With India completing its white-ball matches against Sri Lanka and New Zealand, its next assignment in the current home season is the highly anticipated four-match Test series against Australia for the Border-Gavaskar Trophy, starting from February 9.
We take a look at the strengths and weaknesses of the Indian team ahead of a marquee Test series:
Experienced bowlers: When one matches the bowling attacks of Australia and India, then the hosts’ bowling attack having an upper hand over the visitors’ can be felt, especially when it comes to playing at home.
Ravichandran Ashwin has picked up 58 wickets in eight Tests at home since the start of 2020, while Axar Patel has 39 wickets in six matches and Ravindra Jadeja has 15 wickets in only three games he’s played due to missing the England series due to an injury. With Mohammed Shami, Mohammed Siraj, Umesh Yadav and Jaydev Unadkat around with their experience of playing in home conditions, this is a sure shot advantageous point for India.
Fortress-like home record: Very few teams in the world have a fortress-like record at home which is as good as India’s. Ever since they lost to England 2-1 at home in the 2012/13 season, India haven’t lost a Test series at home.
Moreover, in 50 Tests between these two teams in India, 21 of them have been won by the hosts and since 2004, they haven’t lost at home to Australia.

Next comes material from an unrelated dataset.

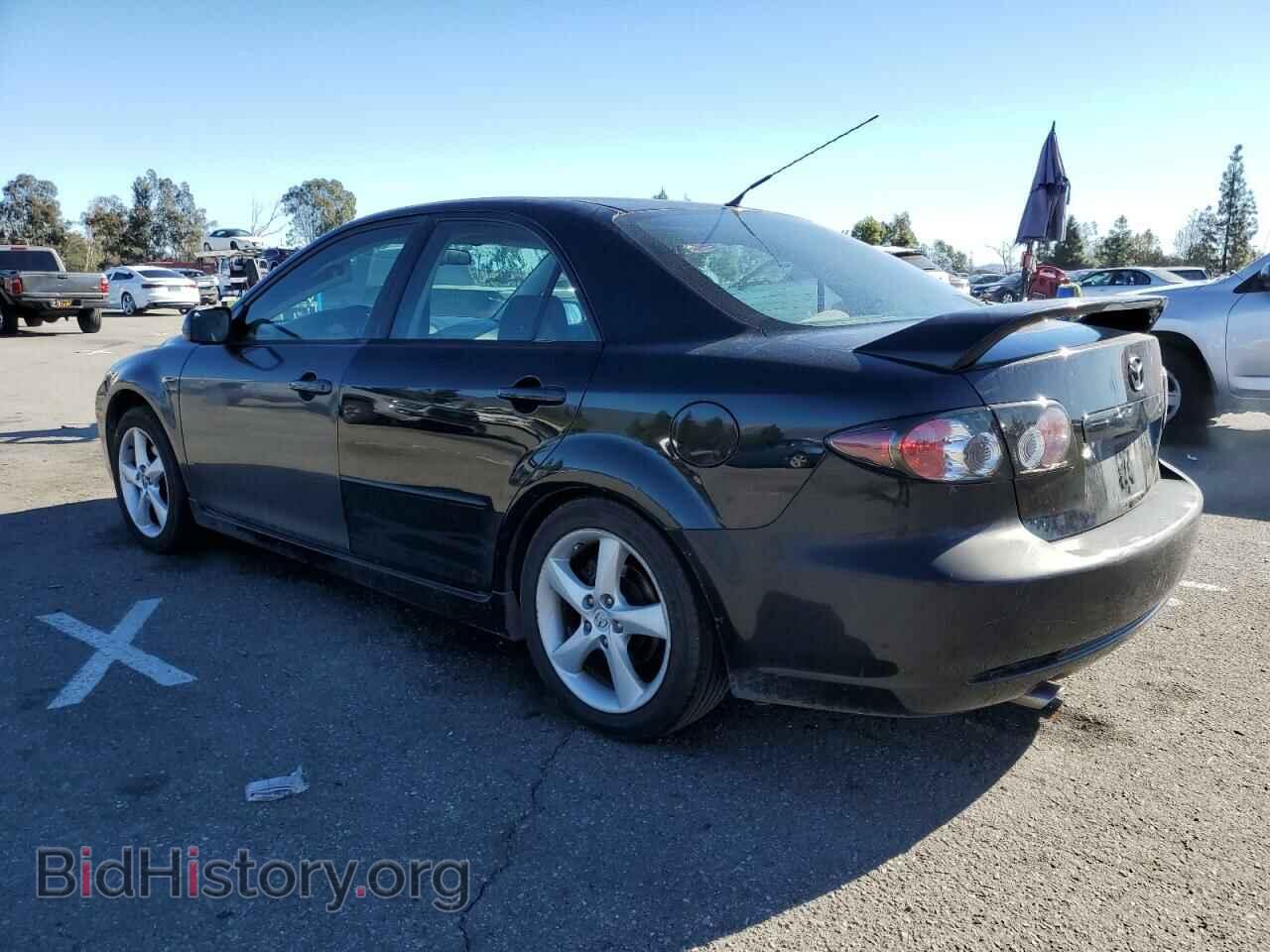 2007 MAZDA 6 - VIN: 1YVHP80C975M58618 - Фото 2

Absence of Pant and Bumrah: India will be entering this series without two of their mainstays for the series against Australia — Rishabh Pant and Jasprit Bumrah. While Bumrah is unavailable for the first two games of the series, Pant’s absence for an indefinite period will be more felt in the Indian think-tank.

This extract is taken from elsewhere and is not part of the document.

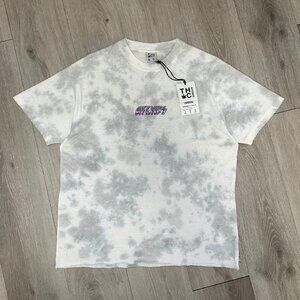 NWT Afends x Nirvana - Pearla - Women's Hemp Oversized Smoke T-Shirt Size Small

Pant’s keeping, especially against spinners at home, had significantly improved. His fearlessness with the bat in the middle order had turned the course of Test matches for the Indian team at a crucial juncture. India now have to make a choice between KS Bharat, an understudy to Pant for a long time and Ishan Kishan, who is more in his mould.
Top order worries: In the absence of Pant and Shreyas Iyer (his participation for the first Test is unknown), India’s top-order will have to take up the responsibility for the scoring and not be dependent on the middle order for bailing them out of trouble, something which had been the case on most occasions.
Since the start of 2020, India’s top four batters have collectively averaged 31.58. Teams who have a worse average than them are South Africa, Bangladesh and West Indies. In this phase, Australia’s top four batters have the best average: 48.83, implying that India’s top four batters haven’t been as productive as they should have been.